L’Égypte a longtemps été le phare et le moteur du monde arabe. L’avancée de la modernisation, le charisme du président Nasser tout comme la production cinématographique sophistiquée en avaient fait un parangon au cours des années 50. Après avoir vainement tenté d’affaiblir l’Arabie saoudite en s’attaquant au Yémen dans les années 60 et après deux conflagrations majeures avec Israël, l’Égypte d’Anwar Sadate a signé un traité de paix avec Israël. La révolution de la place Tahrir a évincé son successeur Moubarak et placé à la gouvernance du pays les Frères musulmans — mouvance longtemps interdite en Égypte — sous la houlette du président Morsi. Aujourd’hui, une certaine nébulosité règne cependant en regard de l’avenir de l’Égypte au plan de sa situation interne et de son avenir économique.
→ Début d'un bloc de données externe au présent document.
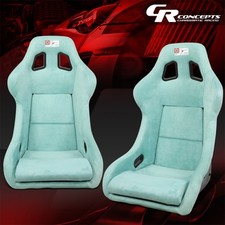 J2 Pair Lark Blue Large Fiberglass Fixed Position Bucktet Racing Seats Wsliders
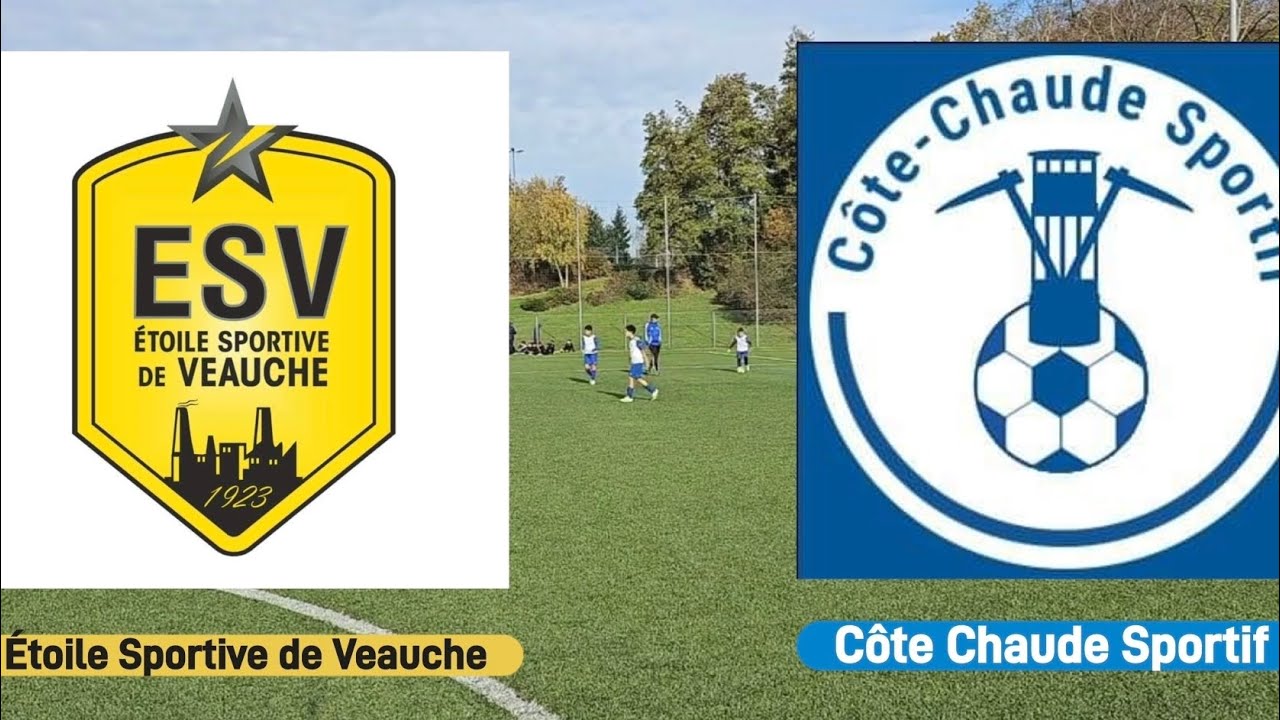 E.S VEAUCHE 1-5 CÔTE CHAUDE SPORTIF 5 (U11)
Lendemains de révolution difficiles
Les élections législatives qui ont suivi la révolution du Printemps arabe en 2011 ont étonné les Égyptiens eux-mêmes. Non seulement les Frères musulmans ont-ils gagné les élections (36 % des voix), mais une mouvance islamique salafiste plus radicale a reçu un appui substantiel (28 %), le reste du vote étant morcelé entre plusieurs tendances. Le vote fut déclaré inconstitutionnel1. Un projet de constitution ambigu hâtivement rédigé2 et adopté en 2012 octroie un rôle consultatif à l’université islamique Al-Azhar, ce qui complique grandement la législation, notamment en matière de politique bancaire (conversion fictive du taux d’intérêt en partenariat). Quant au président Morsi qui gagna les élections présidentielles en 2012, il se déclara immunisé contre toute action légale, déclenchant ainsi des manifestations importantes3. On lui attribue des déclarations controversées sur les Juifs4 et il déclara par la suite avoir été cité hors contexte. Le parti des Frères musulmans qu’il représente plaide pour une société régie par la Charia.
À la frustration envers les abus du pouvoir politique et la détérioration des conditions économiques, s’ajoute l’inquiétude envers les mesures d’islamisation, l’atteinte aux libertés civiques, la criminalité en croissance, la condition des femmes et celles des Coptes.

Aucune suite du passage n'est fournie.